Viewed from a mathematical standpoint, a brief that seems to privilege one temporal dimension over another is not compelling: a bit of shift in notation, some sleight-of-hand with respect to the data array, and any argument for one factor can be mapped onto another.  Which is in essence the point:  There is nothing in the planes of mathematics or statistics that is going to make an “age-period-cohort analysis” intrinsically useful.  Only when we start with our own understandings of how the world works, and measure these models against them, will we discover what they are good for.

About the speaker

Herbert L. Smith is Professor of Sociology and Director of the Population Studies Center (2005-09, 2011-19) at the University of Pennsylvania. Formerly he was Associate Dean for the Social Sciences, School of Arts and Sciences (2002-05). He is an elected member (1991) of the Sociological Research Association and in 2002 received the Clifford C. Clogg Award from the Population Association of America for early career achievement.
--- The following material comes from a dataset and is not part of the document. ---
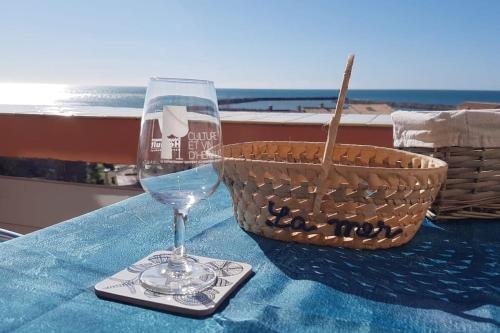 Appartement atypique, vue sur la mer - Location saisonnière - Frontignan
From 2009-13 he served as Président, Commission d’Évaluation, Institut National d’Études Démographiques (France). Current research concerns bias due to non-response in survey research, organizational change in nursing and health outcomes, and the practice of cohort analysis.  Other research interests include the design of social and demographic studies, the experimental model, causation, representation, measurement, and matching. Previous work by Professor Smith involved social stratification, including the demography of educational attainment and race differences in non-marital childbearing; the family planning system in four counties of North China; and the relationship between the status of women and fertility in five South and Southeast Asian nations (Pakistan, India, Thailand, Malaysia, Philippines). He is or has been a Principal Investigator on two NICHD R01 awards, a T32 award, and R24 and P2C awards; as well as on grants from the Rockefeller, Hewlett, Mellon, and Compton foundations.

Time and Venue

Tuesday, October 9, 2018, 3 p.m., in the Institute's Auditorium.